> **Your task**
Please make an exact transcription of the records, keeping the pictures out of it.
Top of Extracted records
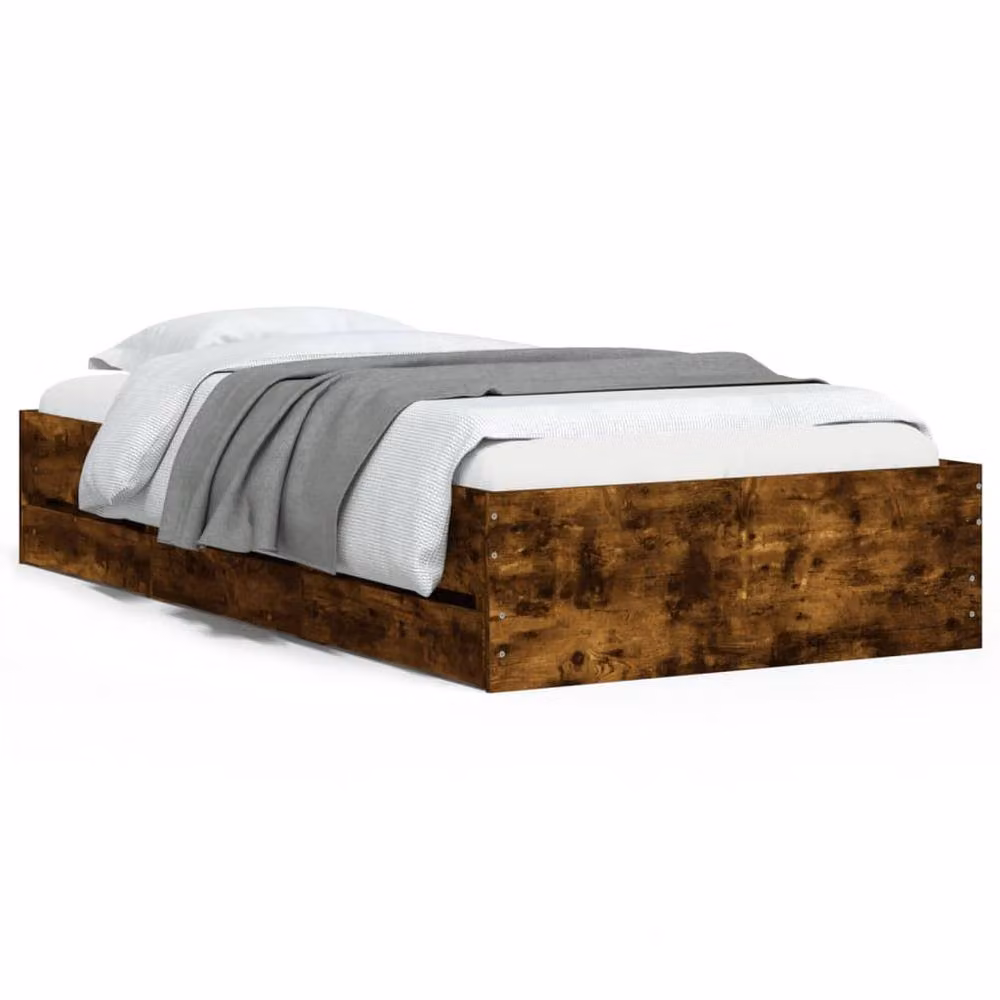 Berkfield Home Modern Bed Frame with Drawers in Smoked Oak Brown, W/D/H: 100 x 200 x 102 cm – 3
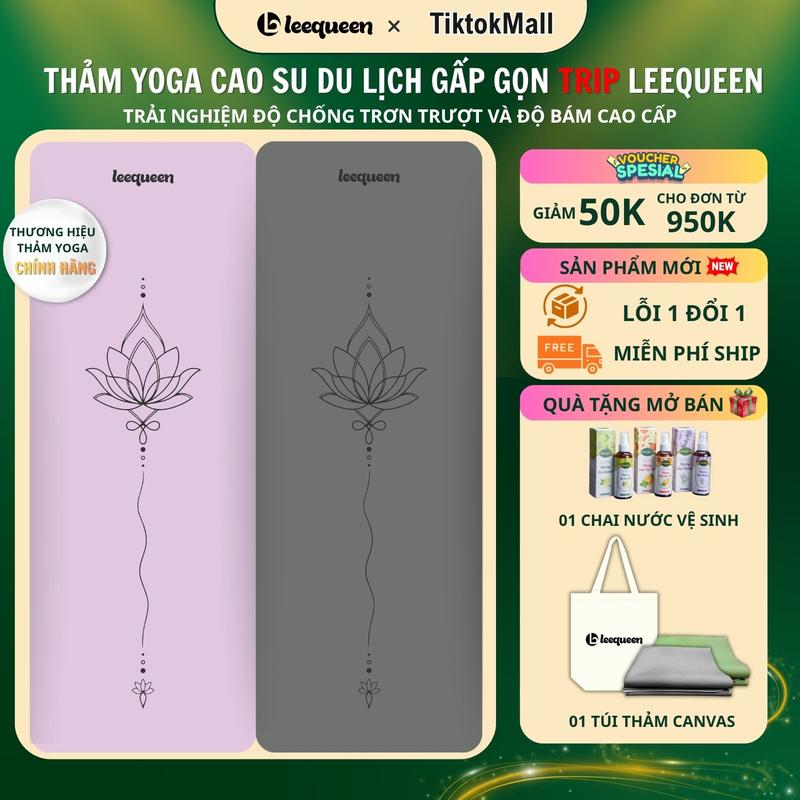 Thảm yoga cao su gấp gọn phiên bản TRIP- hãng LEEQUEEN- thảm du lịch gấp gọn- chống trơn, thấm hút tôt, bám sàn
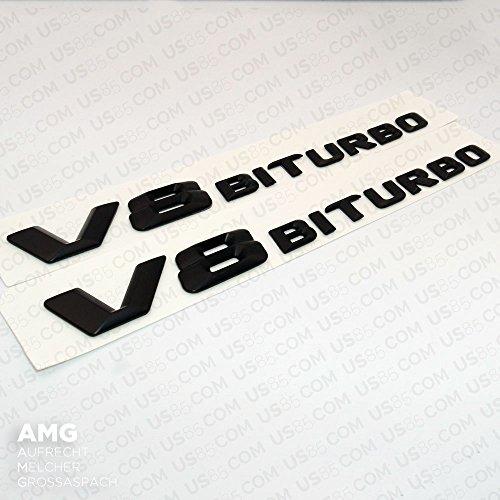 【並行輸入品】US85 メルセデスベンツ V8 BITURBO サイドフェンダー 左右粘着ネームプレート ロゴ エンブレム AMG デコレーショの画像
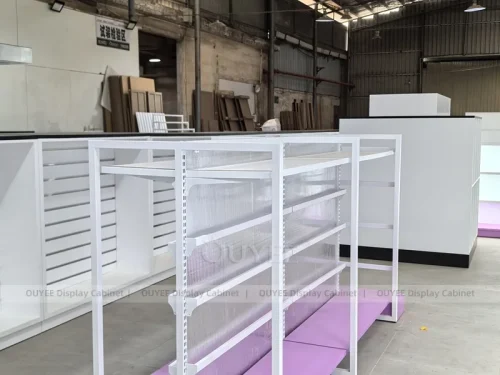 White Purple Beauty Gondola Wig Gondola Shelving Display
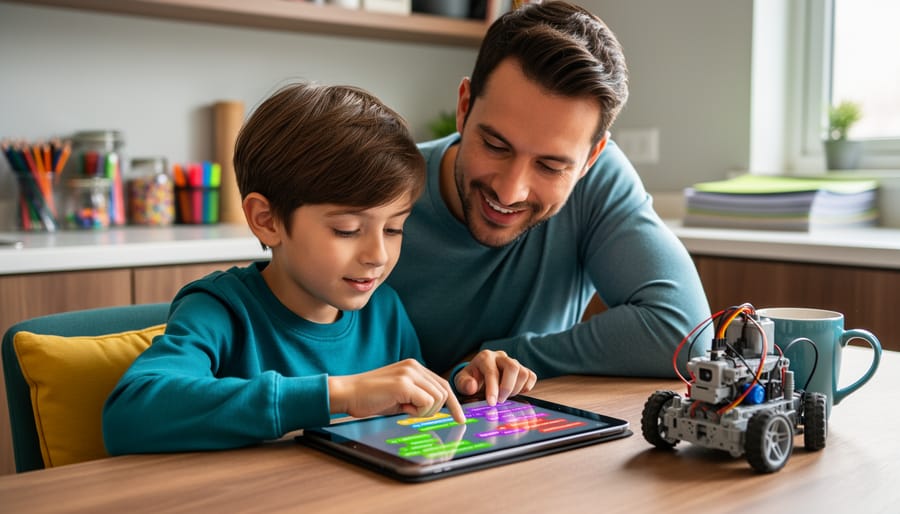 Seven-year-old coding on a tablet at a kitchen table with a small educational robot nearby, while a parent leans in supportively; soft natural daylight and a softly blurred home background with shelves and craft supplies.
Bottom of Extracted records
> **Written response**
 Berkfield Home Modern Bed Frame with Drawers in Smoked Oak Brown, W/D/H: 100 x 200 x 102 cm – 3
 Thảm yoga cao su gấp gọn phiên bản TRIP- hãng LEEQUEEN- thảm du lịch gấp gọn- chống trơn, thấm hút tôt, bám sàn
 【並行輸入品】US85 メルセデスベンツ V8 BITURBO サイドフェンダー 左右粘着ネームプレート ロゴ エンブレム AMG デコレーショの画像
 White Purple Beauty Gondola Wig Gondola Shelving Display
 Seven-year-old coding on a tablet at a kitchen table with a small educational robot nearby, while a parent leans in supportively; soft natural daylight and a softly blurred home background with shelves and craft supplies.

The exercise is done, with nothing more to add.